## INSTRUCTIONS TO FOLLOW
Leave out the pictures and retype exactly the lines from the one with "When it comes" through the end of the records.

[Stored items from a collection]
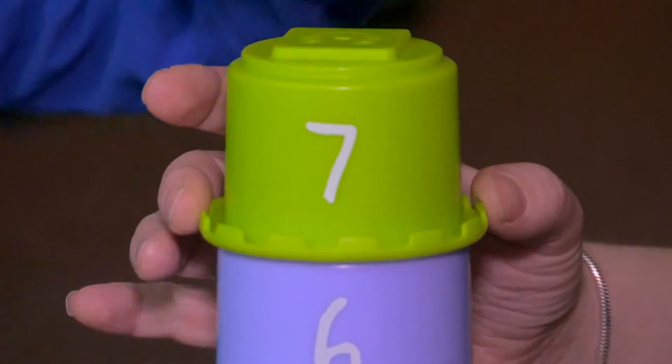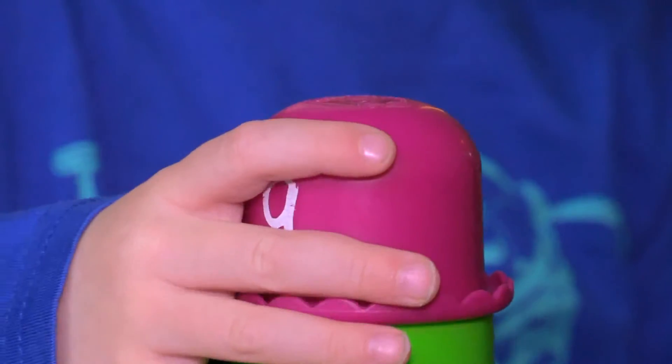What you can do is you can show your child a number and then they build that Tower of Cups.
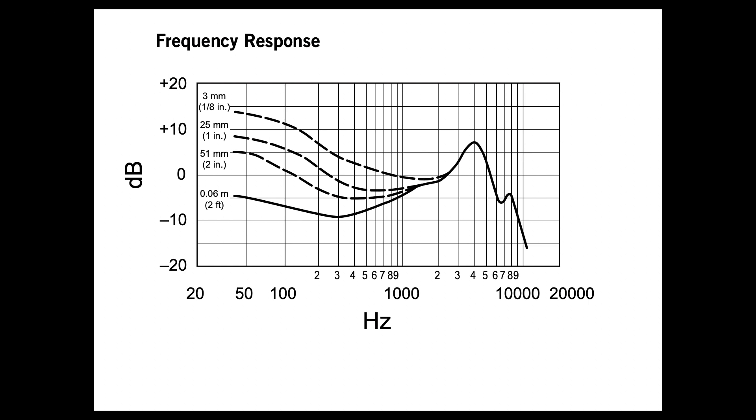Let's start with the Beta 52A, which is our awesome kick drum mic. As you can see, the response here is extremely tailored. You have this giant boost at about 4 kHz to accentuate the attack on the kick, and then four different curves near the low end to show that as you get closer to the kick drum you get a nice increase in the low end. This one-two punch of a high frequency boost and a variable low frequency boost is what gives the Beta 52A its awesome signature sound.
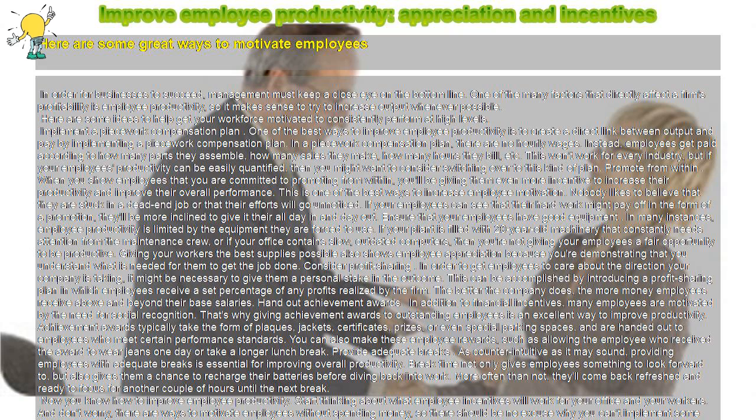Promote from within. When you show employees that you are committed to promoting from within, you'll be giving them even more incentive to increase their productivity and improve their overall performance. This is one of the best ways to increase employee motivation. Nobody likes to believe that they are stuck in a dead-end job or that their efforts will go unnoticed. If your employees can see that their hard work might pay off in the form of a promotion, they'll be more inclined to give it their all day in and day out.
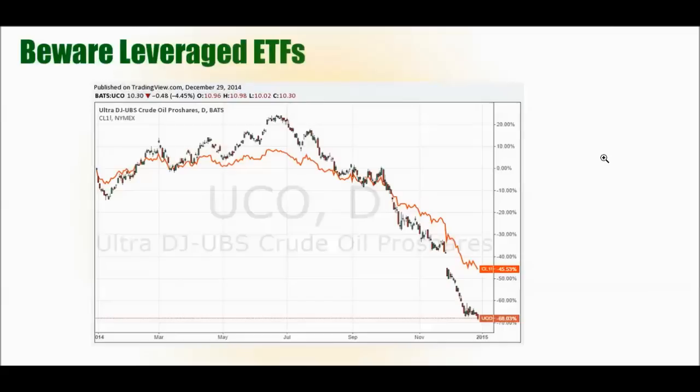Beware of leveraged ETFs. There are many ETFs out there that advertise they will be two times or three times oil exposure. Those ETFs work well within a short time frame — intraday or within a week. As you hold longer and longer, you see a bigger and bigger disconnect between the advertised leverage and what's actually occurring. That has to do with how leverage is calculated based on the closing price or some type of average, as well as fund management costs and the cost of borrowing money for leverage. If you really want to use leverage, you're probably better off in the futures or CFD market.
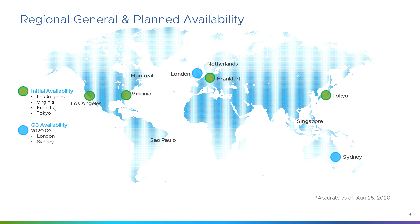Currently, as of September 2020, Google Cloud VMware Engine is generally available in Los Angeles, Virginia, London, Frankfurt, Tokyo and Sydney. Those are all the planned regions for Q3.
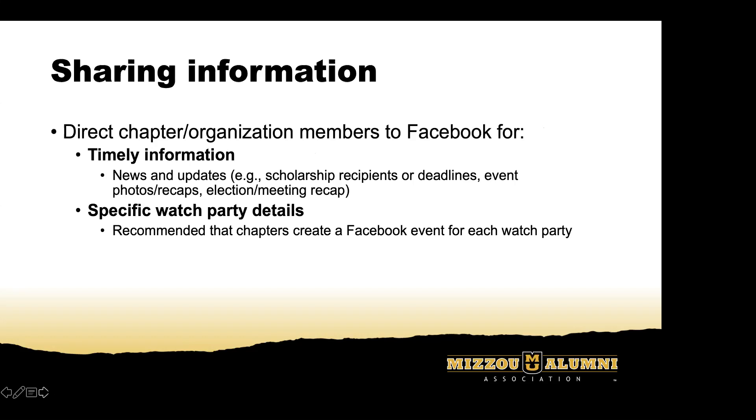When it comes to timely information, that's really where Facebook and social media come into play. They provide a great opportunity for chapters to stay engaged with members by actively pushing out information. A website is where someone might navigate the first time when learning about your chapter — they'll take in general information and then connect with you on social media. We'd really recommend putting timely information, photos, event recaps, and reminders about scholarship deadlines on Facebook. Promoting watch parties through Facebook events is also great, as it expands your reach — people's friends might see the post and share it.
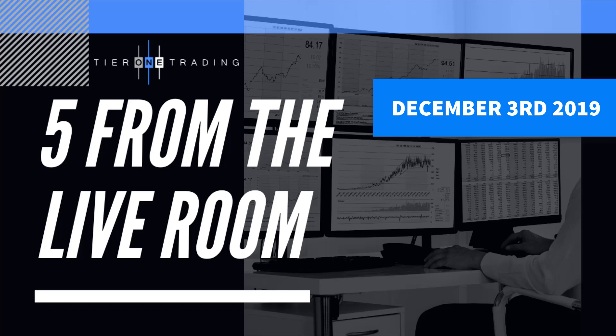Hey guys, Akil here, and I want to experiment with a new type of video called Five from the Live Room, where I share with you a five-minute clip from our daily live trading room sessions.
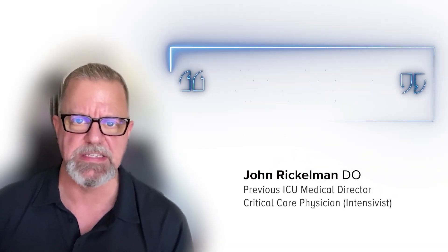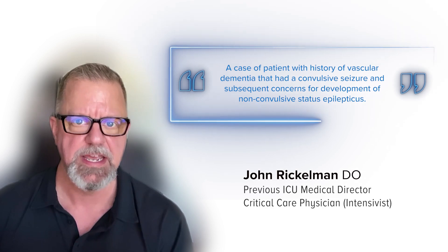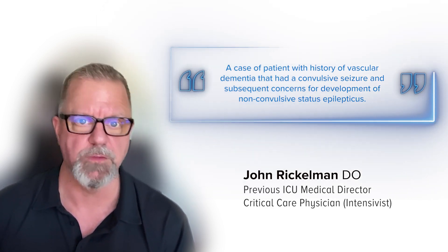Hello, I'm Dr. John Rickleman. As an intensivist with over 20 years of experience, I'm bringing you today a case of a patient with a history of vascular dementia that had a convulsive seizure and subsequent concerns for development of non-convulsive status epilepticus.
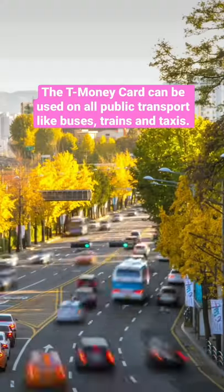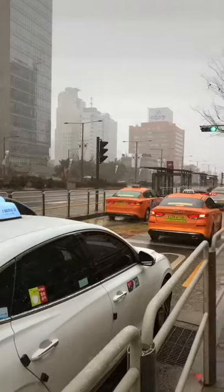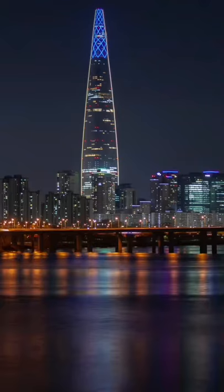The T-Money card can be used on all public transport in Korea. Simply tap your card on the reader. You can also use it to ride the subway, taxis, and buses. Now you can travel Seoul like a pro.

## OUTPUT FOR THIS EXERCISE
When it comes to timely information, that's really where Facebook and social media come into play. They provide a great opportunity for chapters to stay engaged with members by actively pushing out information. A website is where someone might navigate the first time when learning about your chapter — they'll take in general information and then connect with you on social media. We'd really recommend putting timely information, photos, event recaps, and reminders about scholarship deadlines on Facebook. Promoting watch parties through Facebook events is also great, as it expands your reach — people's friends might see the post and share it.
Hey guys, Akil here, and I want to experiment with a new type of video called Five from the Live Room, where I share with you a five-minute clip from our daily live trading room sessions.
Hello, I'm Dr. John Rickleman. As an intensivist with over 20 years of experience, I'm bringing you today a case of a patient with a history of vascular dementia that had a convulsive seizure and subsequent concerns for development of non-convulsive status epilepticus.
The T-Money card can be used on all public transport in Korea. Simply tap your card on the reader. You can also use it to ride the subway, taxis, and buses. Now you can travel Seoul like a pro.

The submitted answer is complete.